Problem description —
Through to the final line, write out the records below exactly, omitting any images they contain.

--- The data Enclosed Below ---

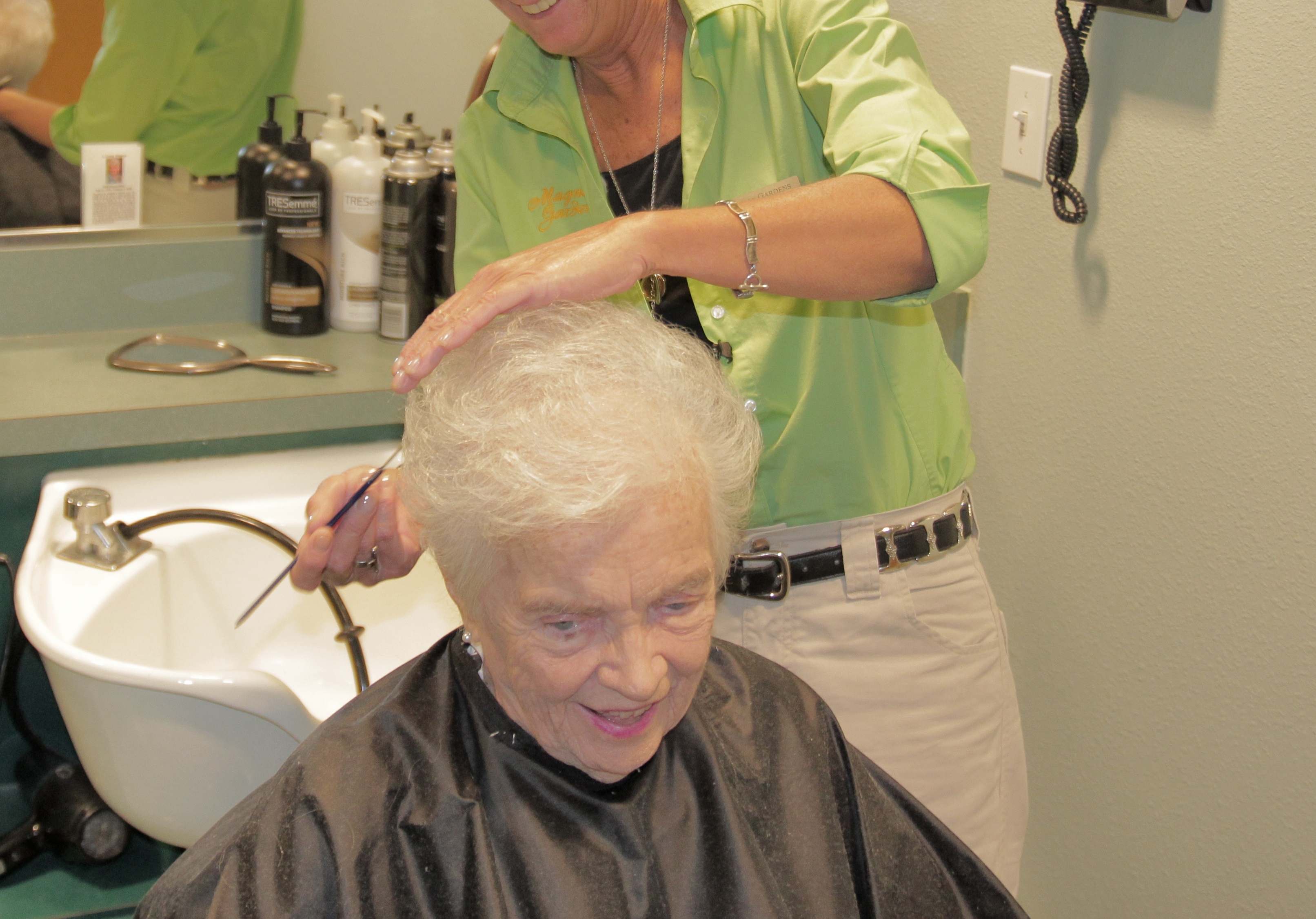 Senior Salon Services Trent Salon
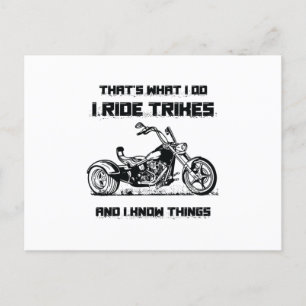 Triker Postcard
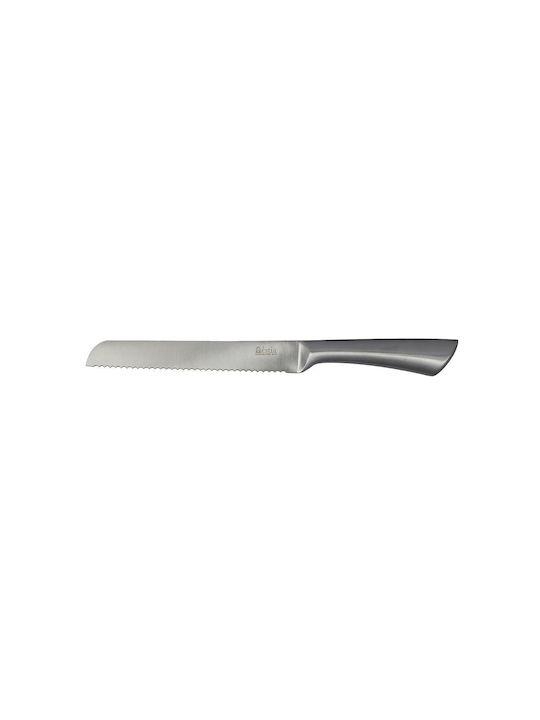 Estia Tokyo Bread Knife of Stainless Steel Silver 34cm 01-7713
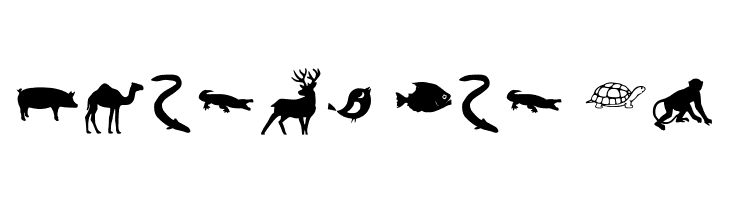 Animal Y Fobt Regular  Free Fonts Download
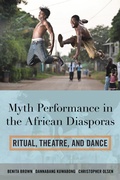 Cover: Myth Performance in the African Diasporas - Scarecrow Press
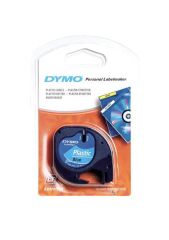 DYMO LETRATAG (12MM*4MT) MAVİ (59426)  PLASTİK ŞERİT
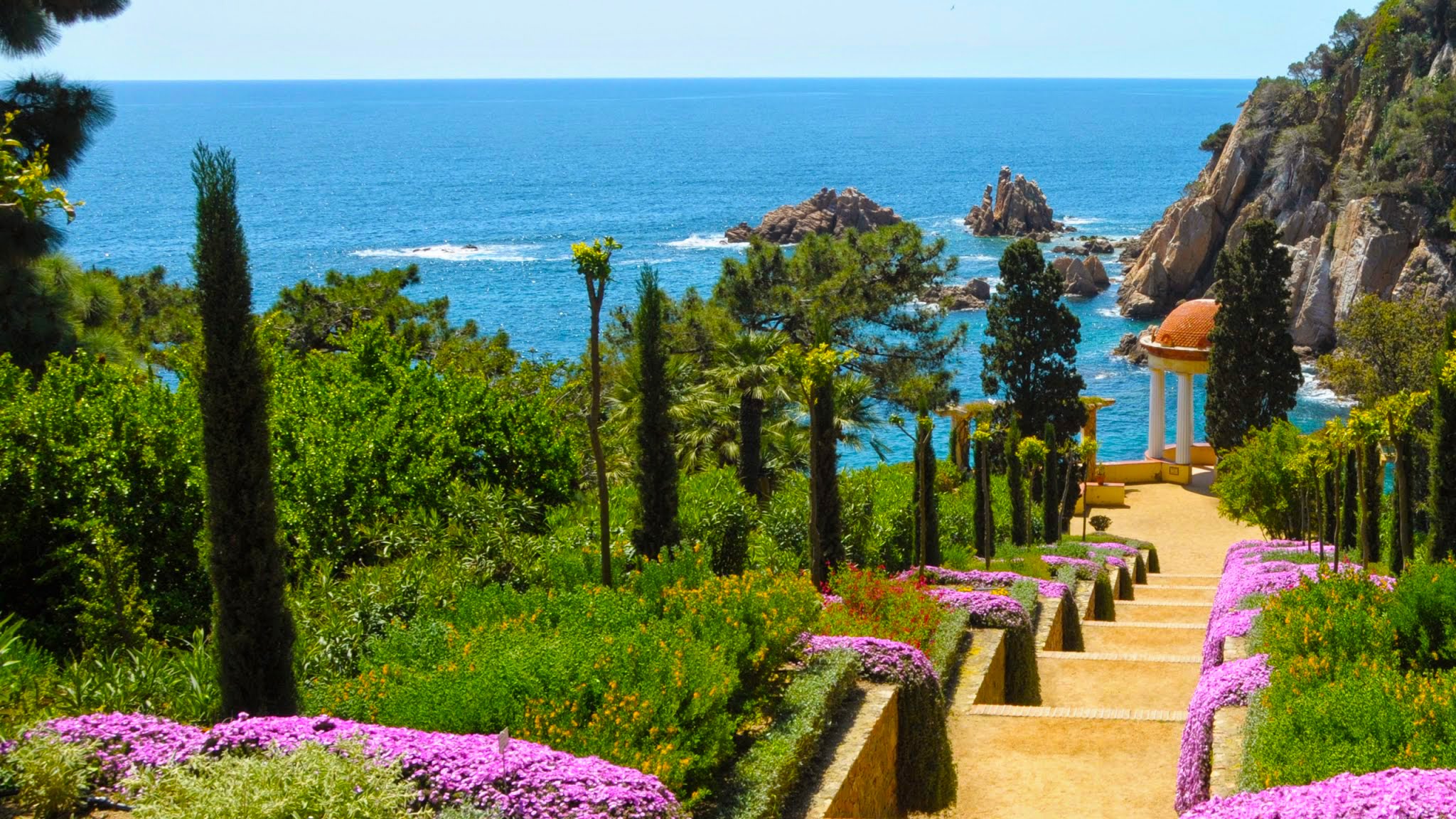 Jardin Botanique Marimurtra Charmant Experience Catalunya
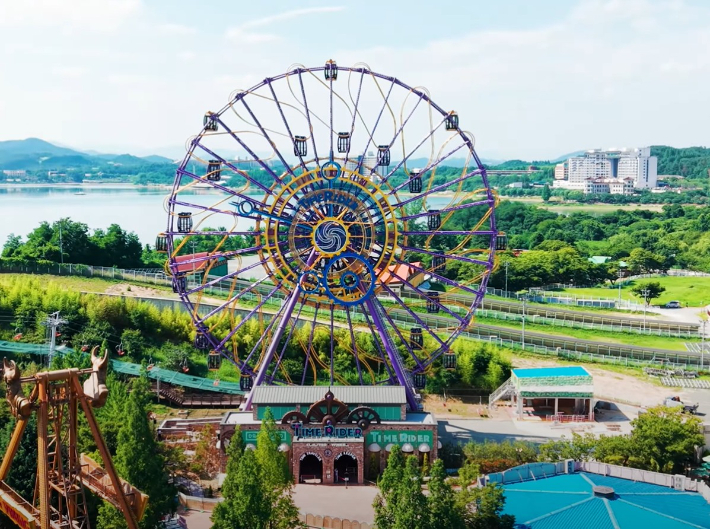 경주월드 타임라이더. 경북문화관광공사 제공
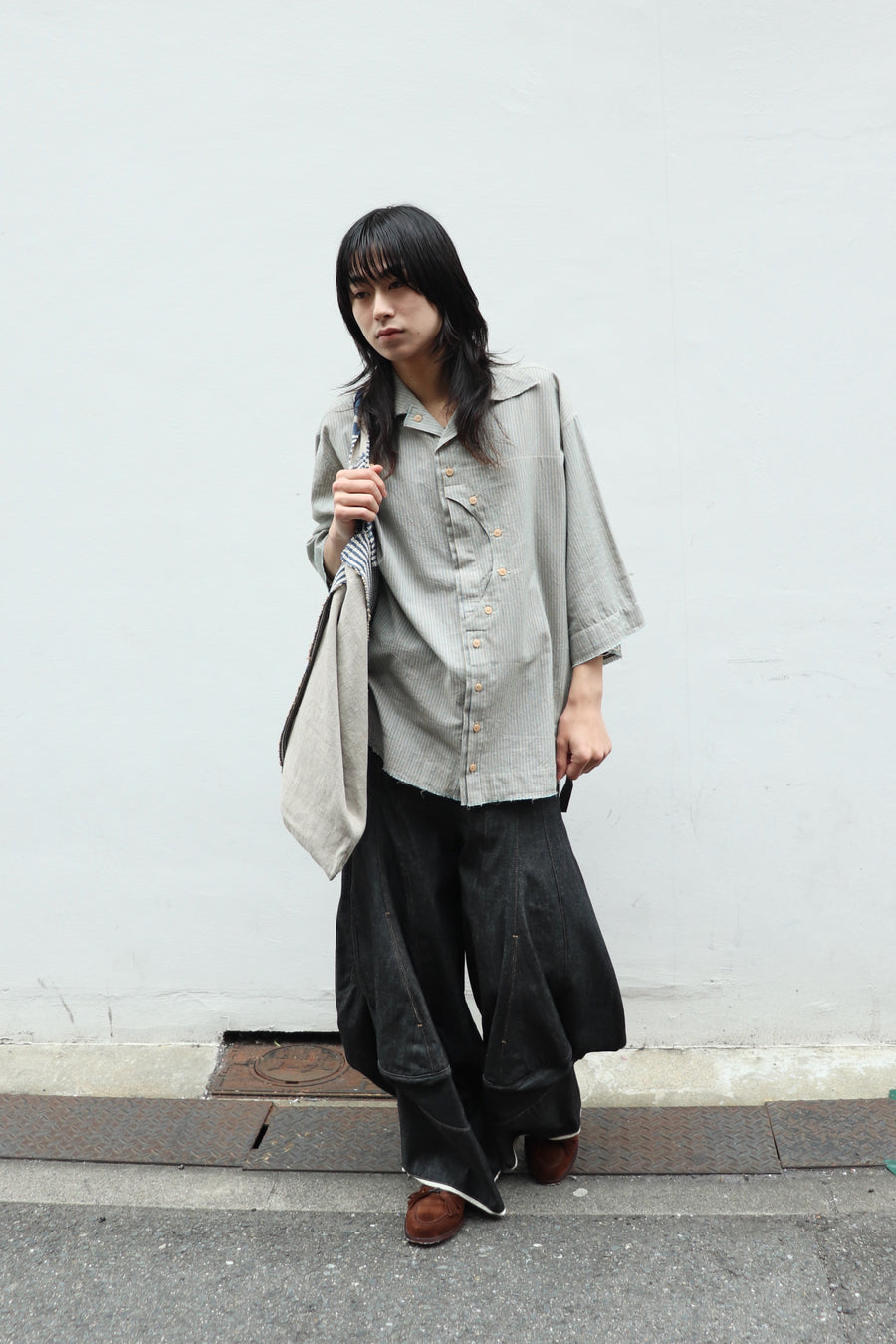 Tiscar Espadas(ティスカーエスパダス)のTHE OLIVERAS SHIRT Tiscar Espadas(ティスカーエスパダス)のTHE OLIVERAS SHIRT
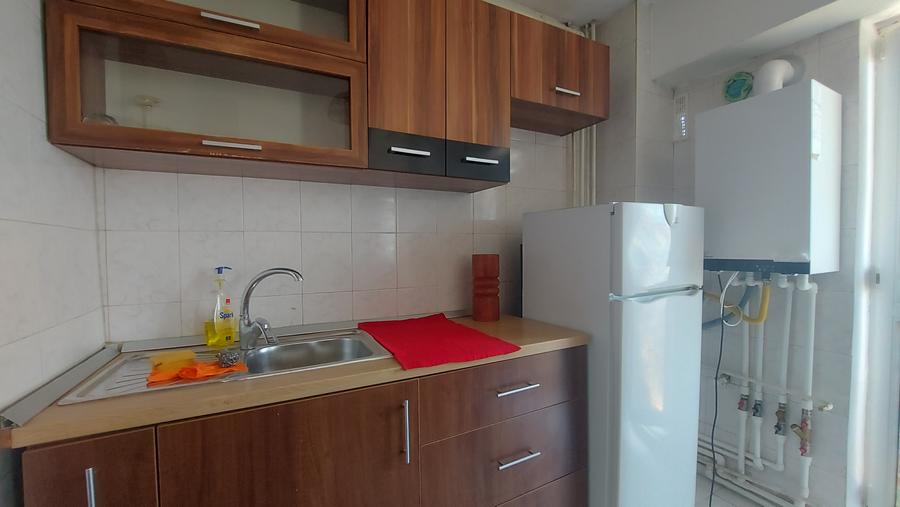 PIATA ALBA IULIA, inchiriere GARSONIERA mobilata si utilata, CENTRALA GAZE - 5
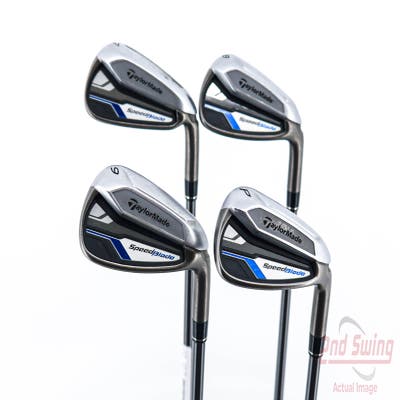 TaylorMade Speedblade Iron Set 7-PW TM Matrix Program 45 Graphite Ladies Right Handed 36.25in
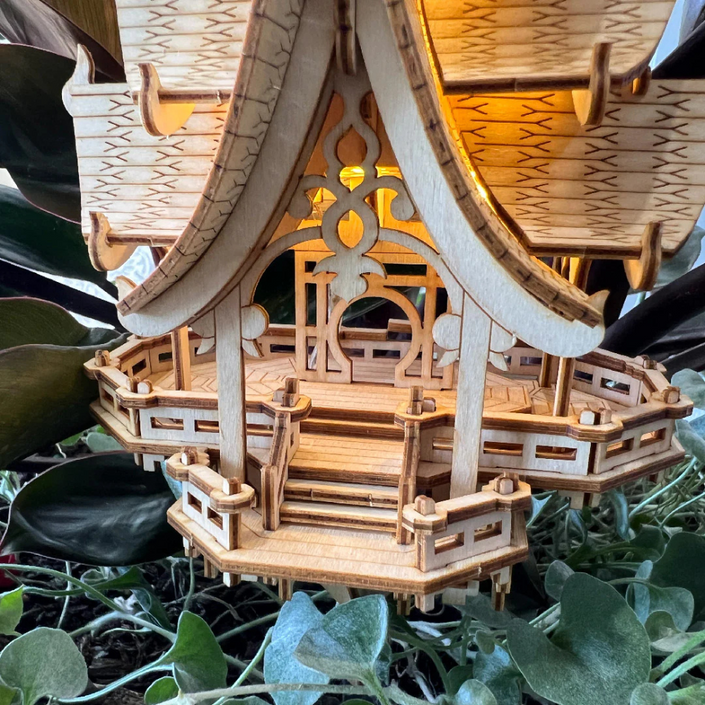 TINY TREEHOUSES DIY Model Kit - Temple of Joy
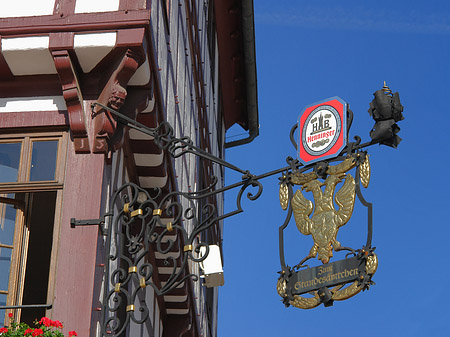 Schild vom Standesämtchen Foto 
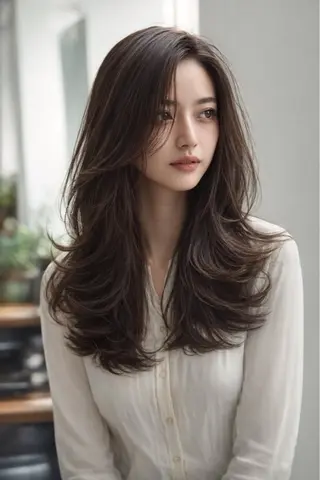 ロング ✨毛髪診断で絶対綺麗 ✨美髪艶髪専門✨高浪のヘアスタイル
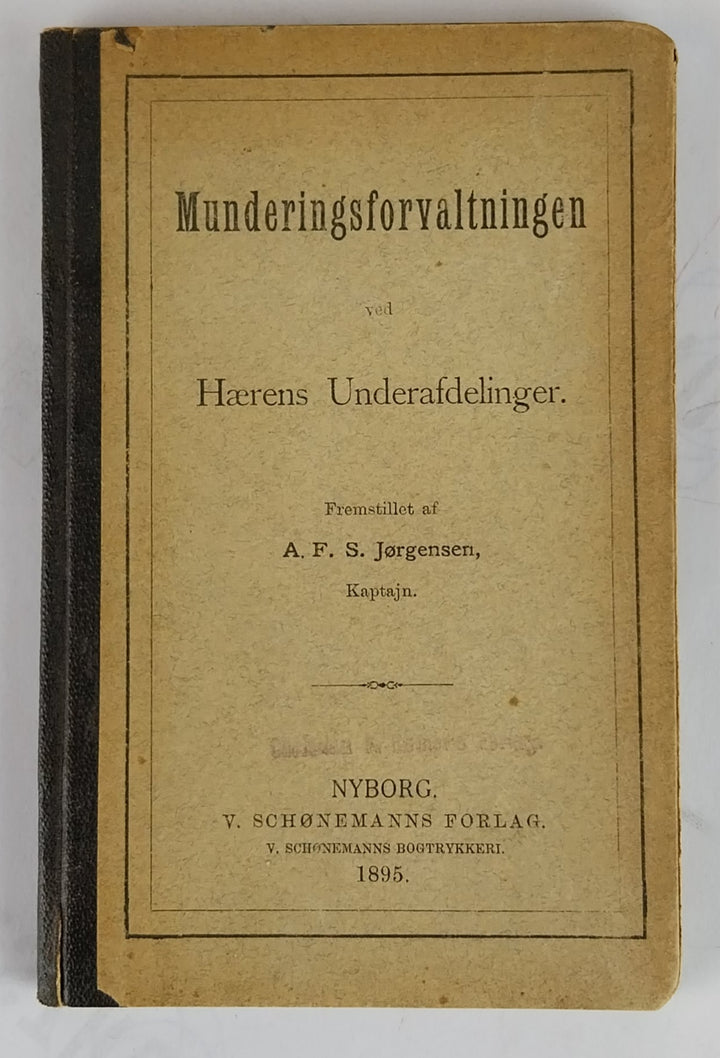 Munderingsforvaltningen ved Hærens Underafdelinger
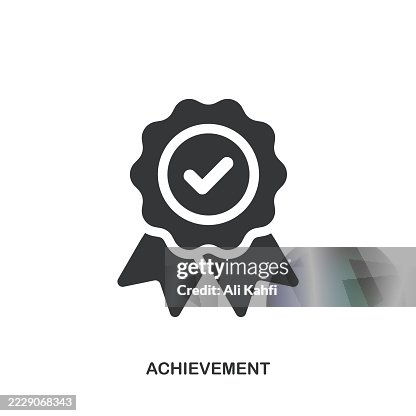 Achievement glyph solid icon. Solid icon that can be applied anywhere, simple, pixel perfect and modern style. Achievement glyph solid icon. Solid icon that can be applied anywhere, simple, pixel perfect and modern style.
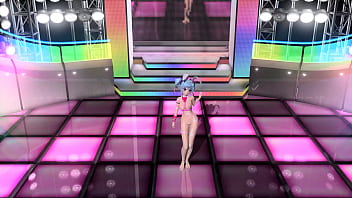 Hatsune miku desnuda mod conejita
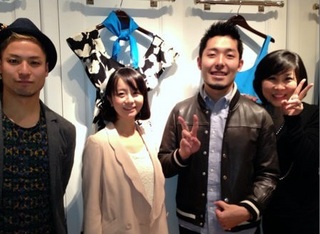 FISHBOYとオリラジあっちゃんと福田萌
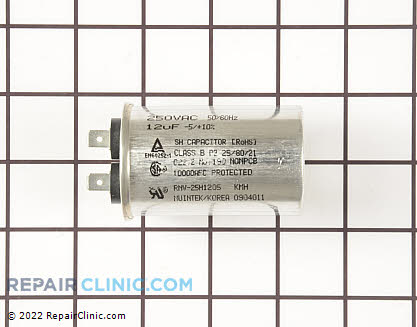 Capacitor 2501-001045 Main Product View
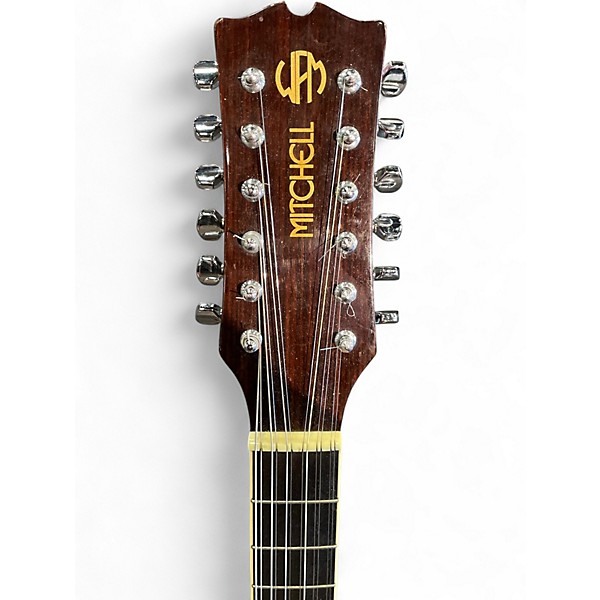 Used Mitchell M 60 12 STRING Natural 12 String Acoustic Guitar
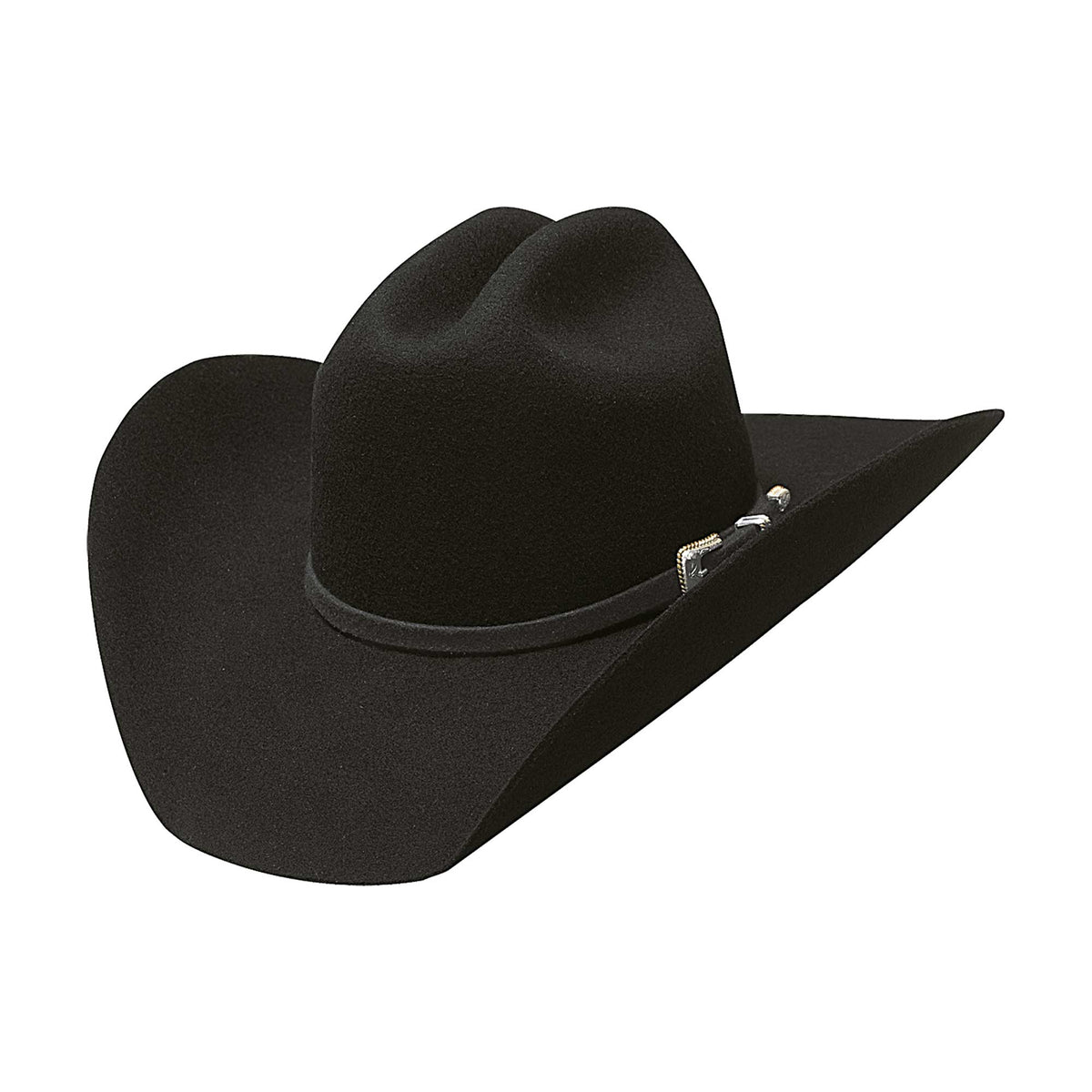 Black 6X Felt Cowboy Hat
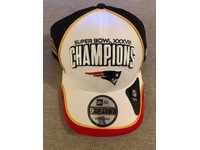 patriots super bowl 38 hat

--- End of Enclosed The data ---

Completed exercise —
 Senior Salon Services Trent Salon
 Triker Postcard
 Estia Tokyo Bread Knife of Stainless Steel Silver 34cm 01-7713
 Animal Y Fobt Regular  Free Fonts Download
 Cover: Myth Performance in the African Diasporas - Scarecrow Press
 DYMO LETRATAG (12MM*4MT) MAVİ (59426)  PLASTİK ŞERİT
 Jardin Botanique Marimurtra Charmant Experience Catalunya
 경주월드 타임라이더. 경북문화관광공사 제공
 Tiscar Espadas(ティスカーエスパダス)のTHE OLIVERAS SHIRT Tiscar Espadas(ティスカーエスパダス)のTHE OLIVERAS SHIRT
 PIATA ALBA IULIA, inchiriere GARSONIERA mobilata si utilata, CENTRALA GAZE - 5
 TaylorMade Speedblade Iron Set 7-PW TM Matrix Program 45 Graphite Ladies Right Handed 36.25in
 TINY TREEHOUSES DIY Model Kit - Temple of Joy
 Schild vom Standesämtchen Foto 
 ロング ✨毛髪診断で絶対綺麗 ✨美髪艶髪専門✨高浪のヘアスタイル
 Munderingsforvaltningen ved Hærens Underafdelinger
 Achievement glyph solid icon. Solid icon that can be applied anywhere, simple, pixel perfect and modern style. Achievement glyph solid icon. Solid icon that can be applied anywhere, simple, pixel perfect and modern style.
 Hatsune miku desnuda mod conejita
 FISHBOYとオリラジあっちゃんと福田萌
 Capacitor 2501-001045 Main Product View
 Used Mitchell M 60 12 STRING Natural 12 String Acoustic Guitar
 Black 6X Felt Cowboy Hat
 patriots super bowl 38 hat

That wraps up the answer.